START Source data
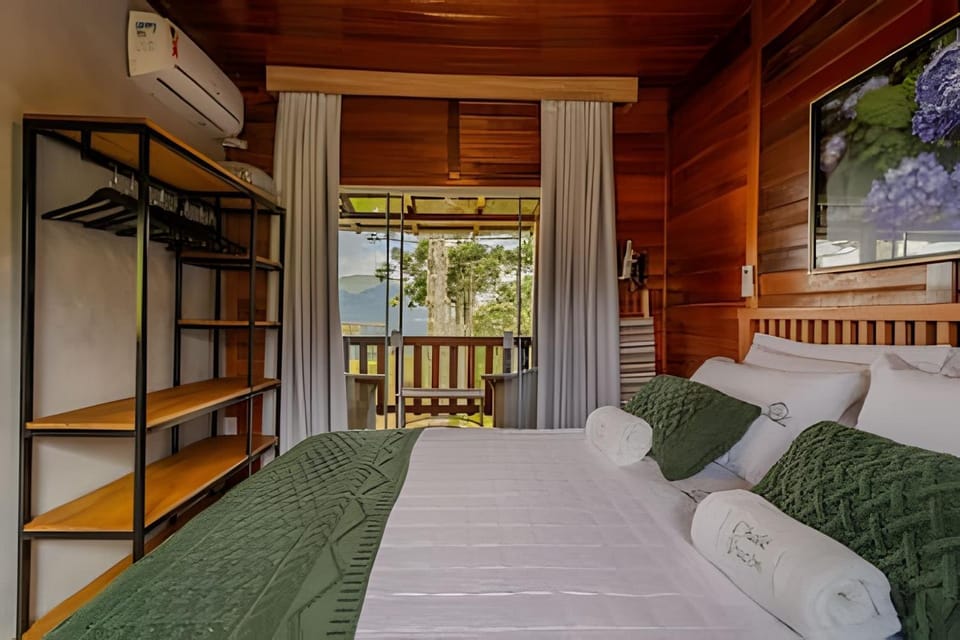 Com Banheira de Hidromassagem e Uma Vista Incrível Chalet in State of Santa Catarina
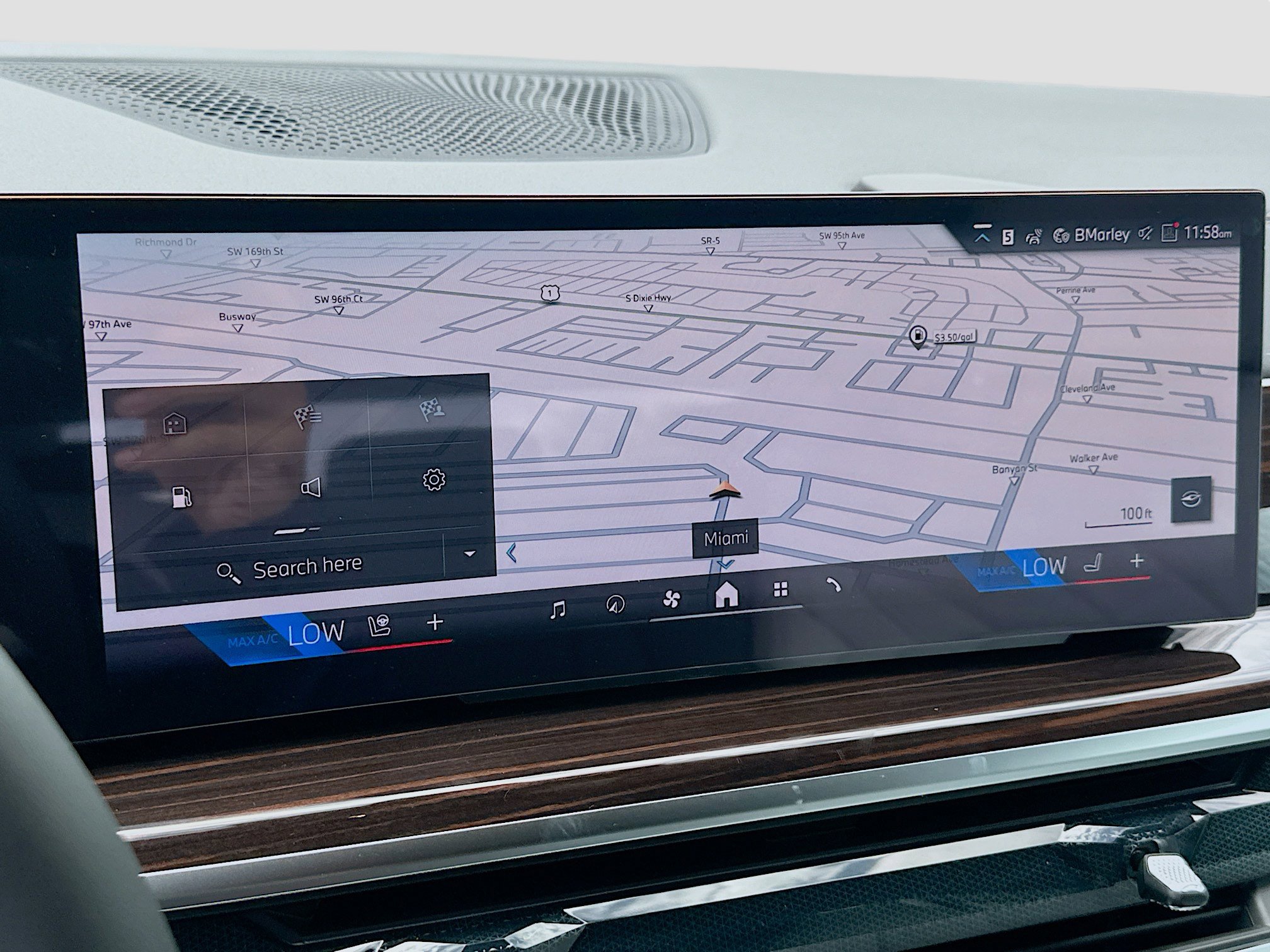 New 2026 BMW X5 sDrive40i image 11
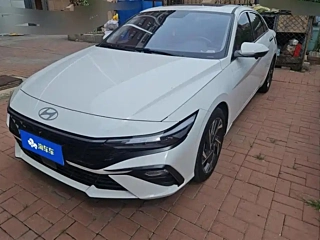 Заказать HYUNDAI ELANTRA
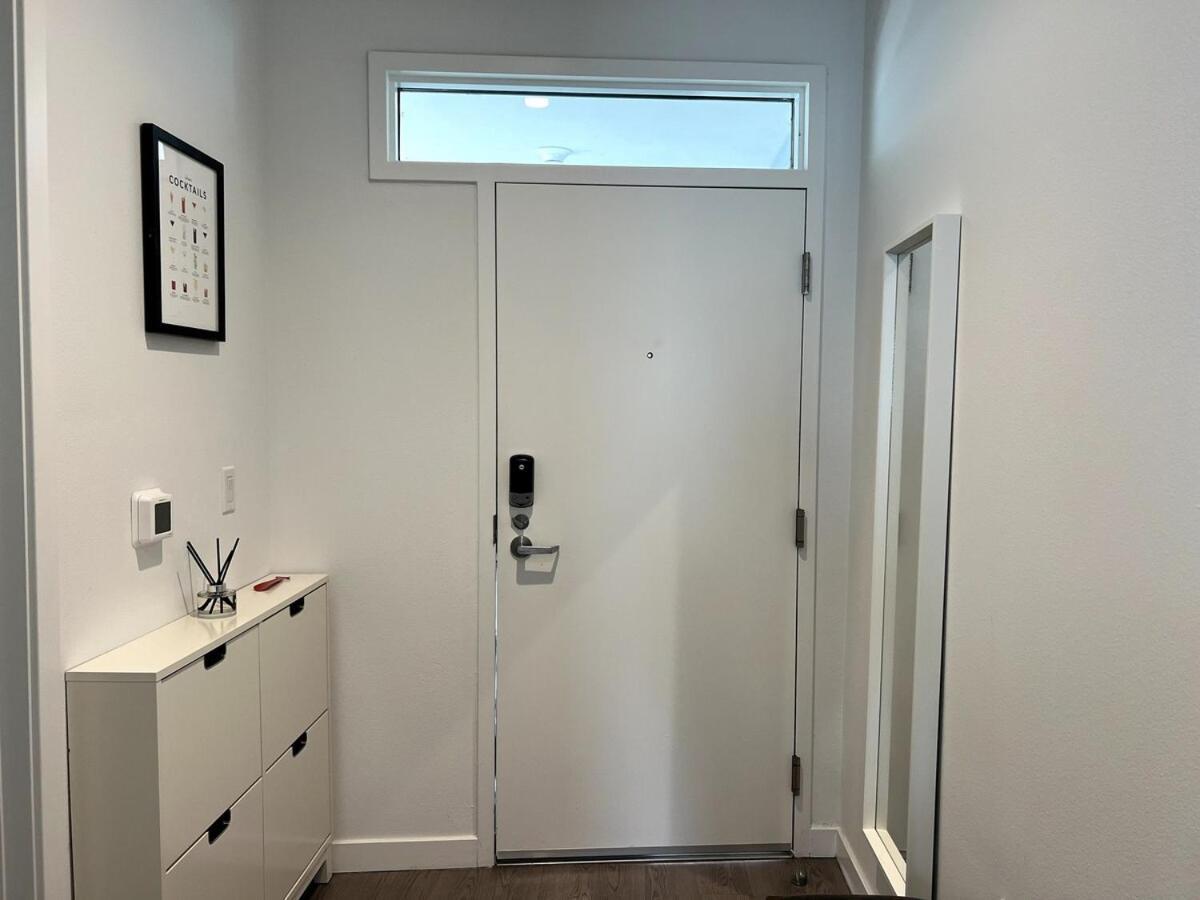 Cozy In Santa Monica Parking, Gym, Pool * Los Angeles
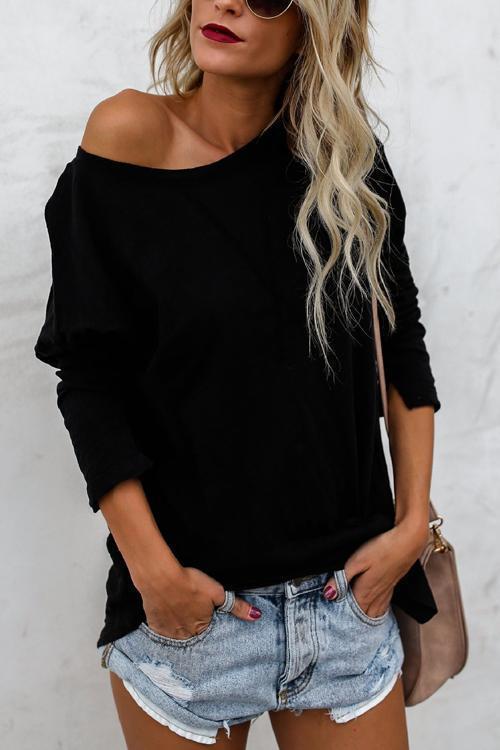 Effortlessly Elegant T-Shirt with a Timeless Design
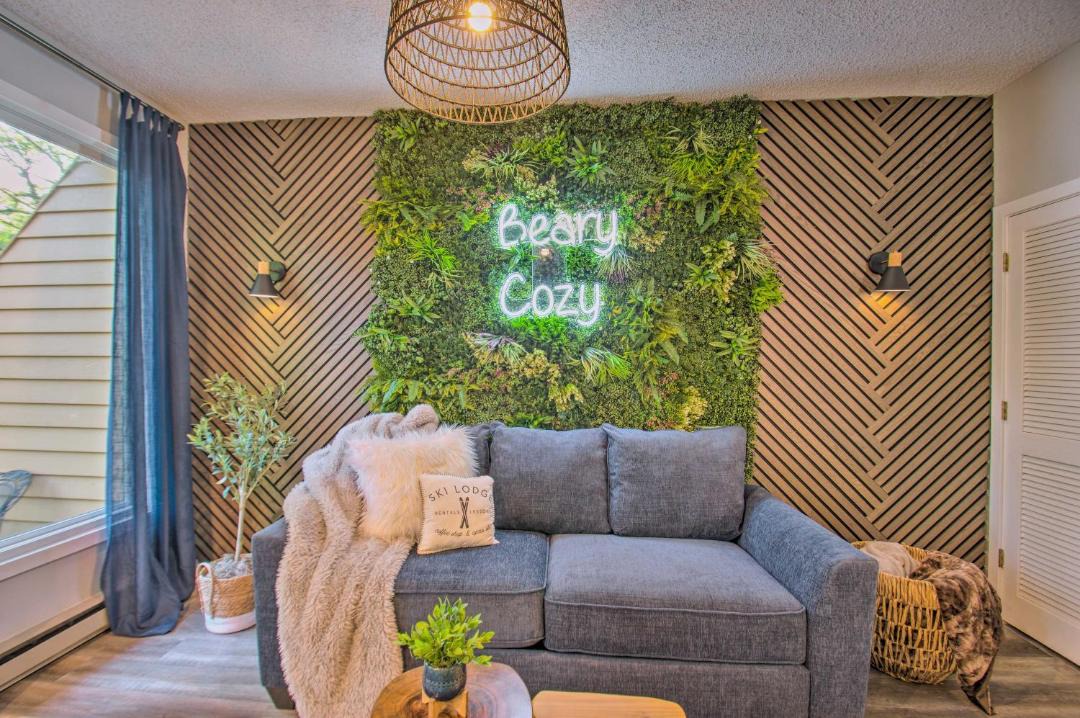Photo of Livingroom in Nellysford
END Source data
▸ Exercise instructions
Could you repeat exactly the lines from the one containing "New 2026 BMW X5 sDrive40i image 11" through the last line of the records, both included, without the pictures?

▸ Answer section
 New 2026 BMW X5 sDrive40i image 11
 Заказать HYUNDAI ELANTRA
 Cozy In Santa Monica Parking, Gym, Pool * Los Angeles
 Effortlessly Elegant T-Shirt with a Timeless Design
Photo of Livingroom in Nellysford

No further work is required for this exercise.